As a field test CRD file 1785479 was entered as ORD file ord-ef44929c4e76463483e6d5d1ada3fcf2. But what do you get for your trouble? Well, at least a reaction.pbtxt export file. And that requires some explaining. An output file based on XML or JSON was expected (the USPTO dataset for example is a collection of XML files) but ORD is based on so-called Protocol Buffers. This data-serialization format is binary (.pb) invented by Google as early as 2001 with a remote soap smell. The ORD datasets can be found at Github (https://github.com/open-reaction-database/ord-data) which is great news (open access) but only available as binary files which requires specialized software to make them human-readable. The .pbtxt file format appears to be a trade-off.
This is problematic. For example in publishing research articles, an ideal-world scenario would have done away with the supplementary information as we know it (freestyle prose) and replaced by synthetic procedures locked in an agreed upon data format. If you choose XML it is both human- readable and machine-readable.
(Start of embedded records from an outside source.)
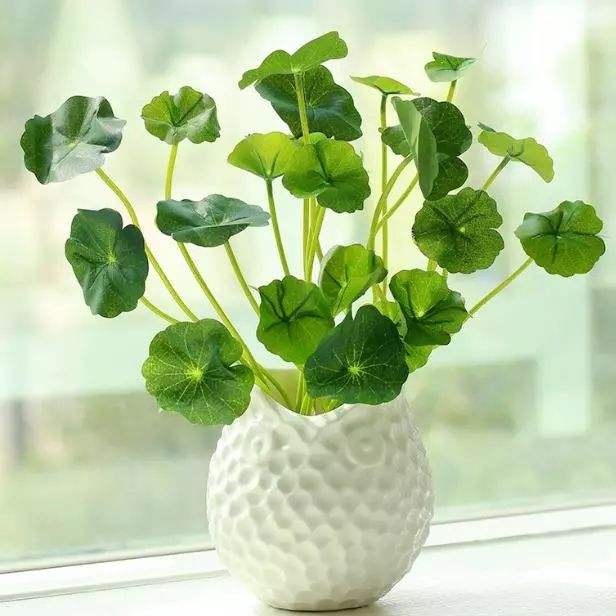 卧室放什么植物最旺财又健康 发财树催旺金钱运 卧室放什么植物最旺财又健康 发财树催旺金钱运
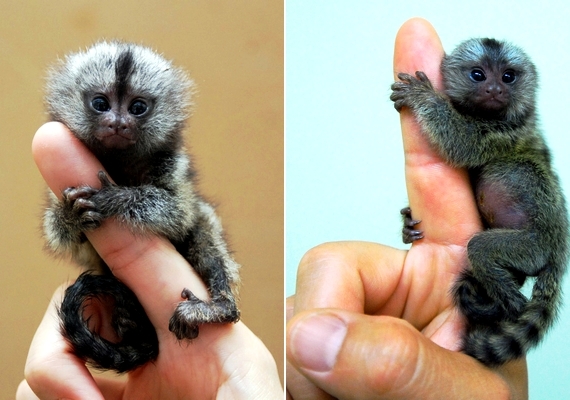 Самая маленькая обезьяна в мире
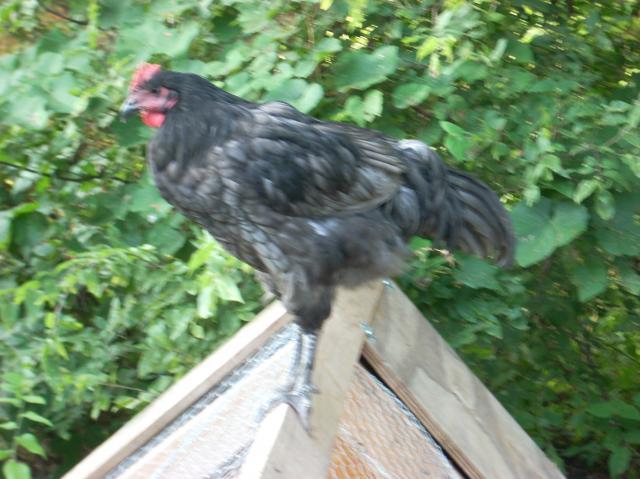 60789_marans_8_4_018.jpg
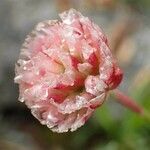 Armeria alpina fruit picture by Yoan MARTIN (cc-by-sa)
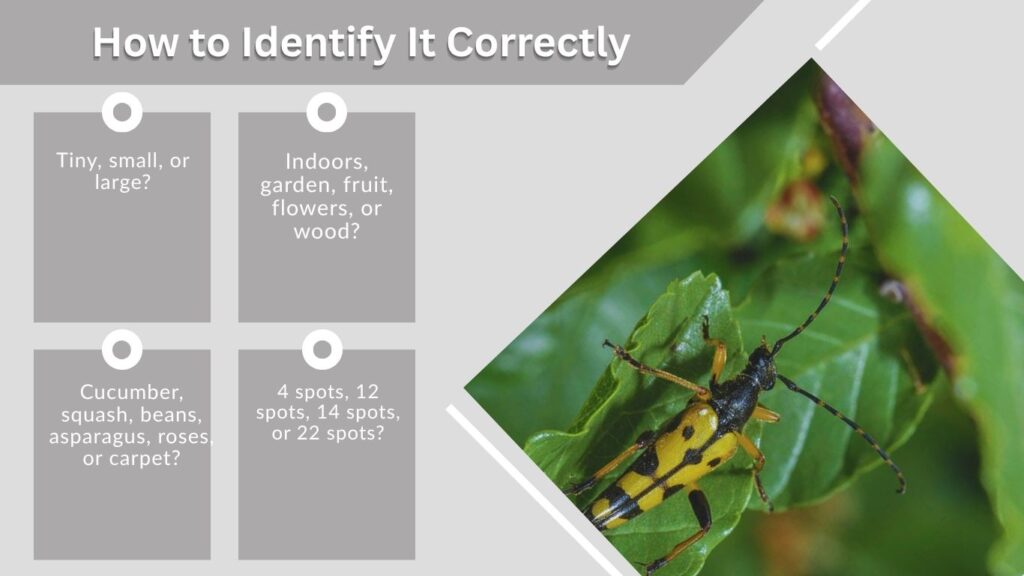 How to Identify It Correctly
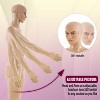 FDW Female/Male Mannequin Torso Dress Form Mannequin Adjustable Dress Mannequin Clothing Form Dress Model Full Body Plastic Display Tool - 3 of 4
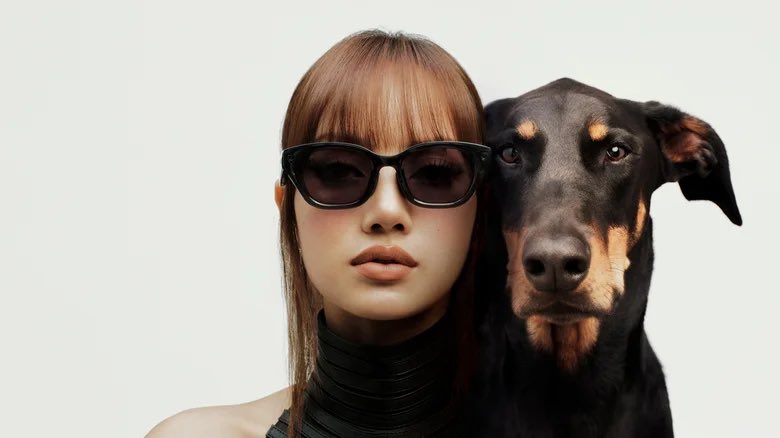 lalisamgger's tweet photo. #LISA for the meta glasses, available with 14 charms of your animals. https://t.co/J5xxwYyTHv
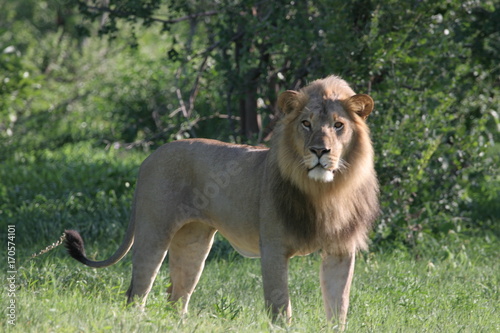 Male Lion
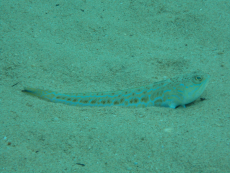 DSCN1823.JPG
A protocol buffer it seems is only machine-readable. And the Open Chemical Database itself? Does it have a web presence and is it searchable? Move to client.open-reaction-database.org and (sub)search for reactions by reagent, reaction or dataset.

Since 2012 I have been working on CRD as the Chemical Reaction Database and in 2020 this morphed into kmt.vander-lingen.nl, the open-access and searchable organic reaction database (59 thousand entries and counting). Both CRD and ORD have incorporated the USPTO dataset so we can directly compare. For example CRD-1143562 (US20130190293A1) and ord-6a01bf15b70e4aee99918916c61b608b describe the same reaction. More examples: CRD-606868 matches ord-0937fdc5897a4464beac2a4265c0b72d and CRD-170034 matches ord-195173b39cd24007bc2ae1d6cae4dd7b

Of course ORD is miles ahead of CRD (which is trying to master multistep synthesis, substructure search and image rendering to name just a few things) but perhaps I do not have the resources that are available to companies like Merck, Pfizer, MIT and Google. CRD is not a circus but just a dog and pony show with the pony suffering from stage fright and dog a midlife crisis.